Stanley Hauerwas, Texaner mit unverwechselbarem Südstaaten-Akzent, Professor für theologische Ethik an der Duke University von Durham in North-Carolina, mag es nicht, als protestantischer Theologe bezeichnet zu werden. Man darf jedoch festhalten, dass er einer der größten lebenden amerikanischen Theologen ist. Seine post-liberale Schule, oder "narrative Theologie", die er in zahlreichen Schriften und Darlegungen erarbeitet hat, ist heute eine der meist debattierten theologischen Richtungen. Er hat die Tagung in Granada mit einem Vortrag über "Die Auflösung der Kirche" eröffnet.

Welches sind Ihrer Meinung nach die grundlegenden Ursachen dieser Auflösung?
Wenn wir über dieses Problem reden, über die Krise der Modernität, ist es ganz wichtig, sich daran zu erinnern, dass wir selbst das Problem erzeugt haben.
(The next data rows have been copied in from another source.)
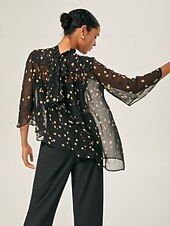 economico Bluse e camicie-Per donna Femminile Camicia casual A Pois Casuale Manica del polsino svasato Nero annodata Elegante Bohemien Vacanza Collo Alto Estate Primavera Autunno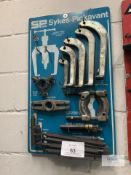 Sykes Pickavant Service Kit 155405 Gear Puller Set on Wall Mounted Board - As Shown RRP £700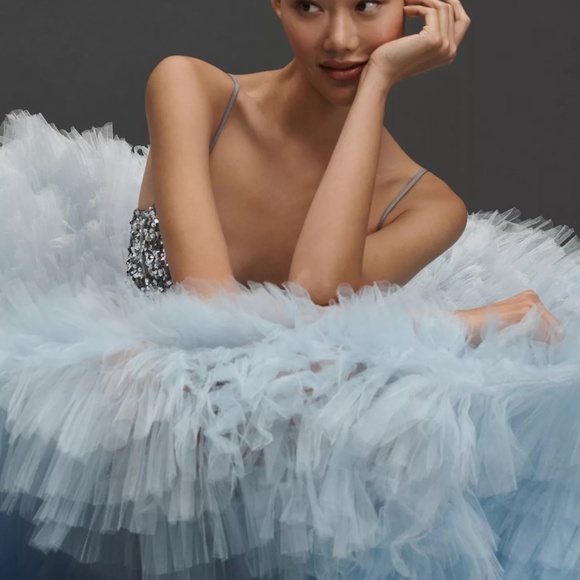 Morphine Gradient Tiered Ruffle Tulle Skirt - Picture 5 of 5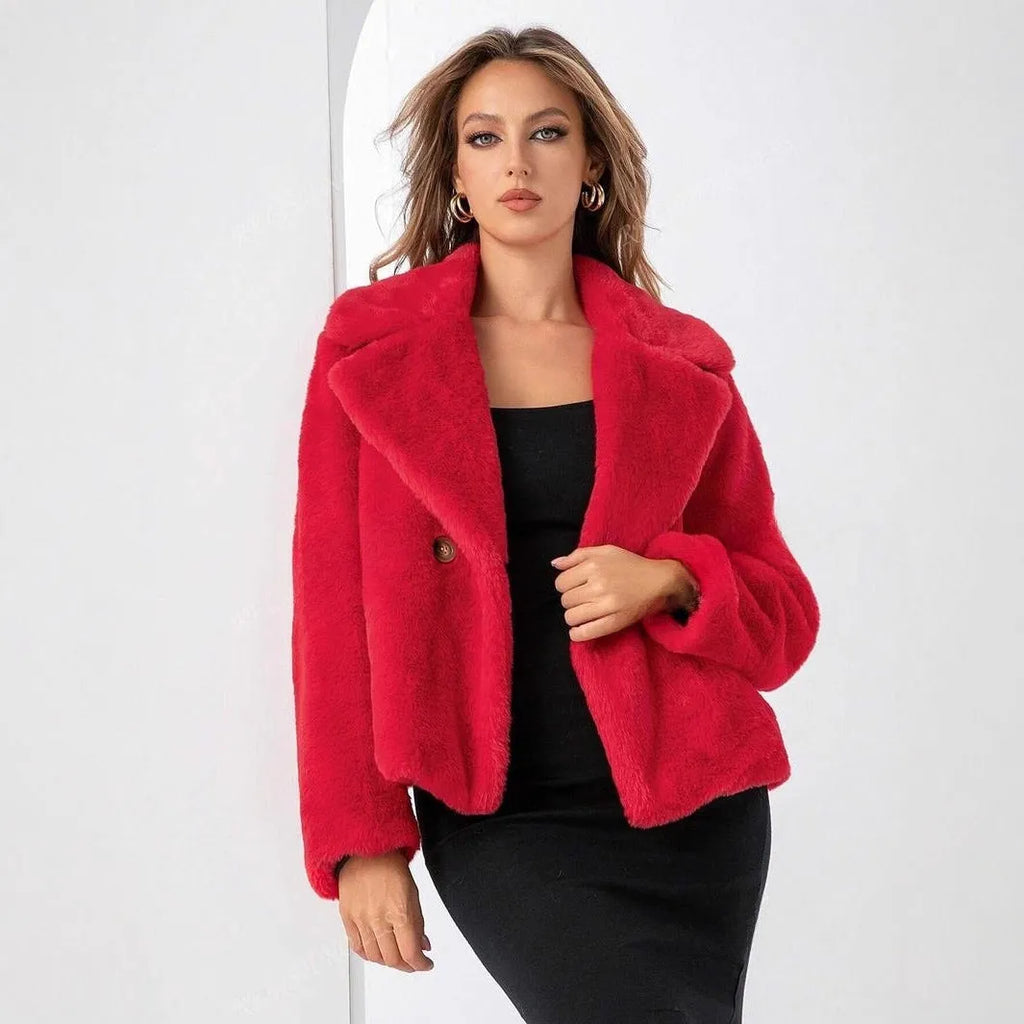 Women's rose red faux fur short coat with regular sleeves and loose fit showing artificial fur texture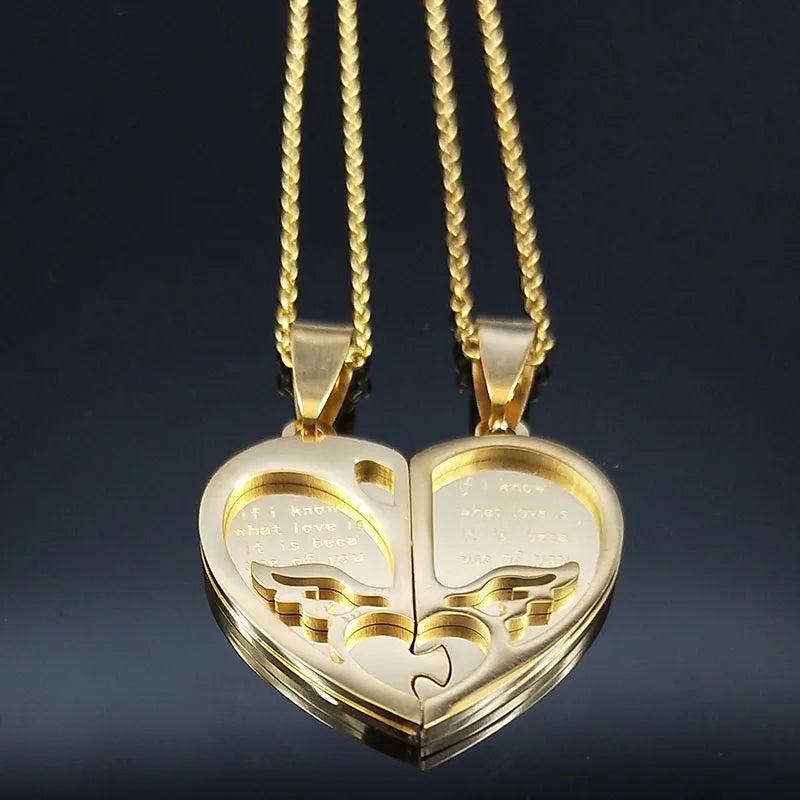 Heart Choker Necklace Stainless Steel Women Men Gift N756S01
Wir tragen die Konsequenzen eines Schwindungsprozesses, der mit der Reformation begann. Auch wenn es historisch nicht korrekt ist, das der Reformation vorausgehende Zeitalter als den Augenblick der idealen Realisierung des Christentums zu kennzeichnen - das hat es vielleicht nie gegeben -, ist doch offensichtlich, dass wir unter dem Bruch der Einheit leiden. Die Tatsache, dass für lange Zeit die Christen denken konnten, Christus nachzufolgen und gleichzeitig sich gegenseitig umzubringen, musste notwendigerweise verheerende Folgen haben. Die fürchterlichste Auswirkung dieser Situation im heutigen religiösen Bewusstsein ist die Privatisierung des Glaubens, das heißt der Verlust der Vorstellung, dass das, was ich glaube, auch wahr ist. Die Trennung von Glaube und Wahrheit ist die wichtigste Ursache der Auflösung der Kirche. Am Ende dieser Trennung steht der für das Zeitalter nach der Aufklärung typische Individualismus, der im Grunde den Verlust des Gedächtnisses bedeutet, eine Verneinung der Geschichte und der Zugehörigkeit zu einem Volk als entscheidendes Element der Selbstbestimmung.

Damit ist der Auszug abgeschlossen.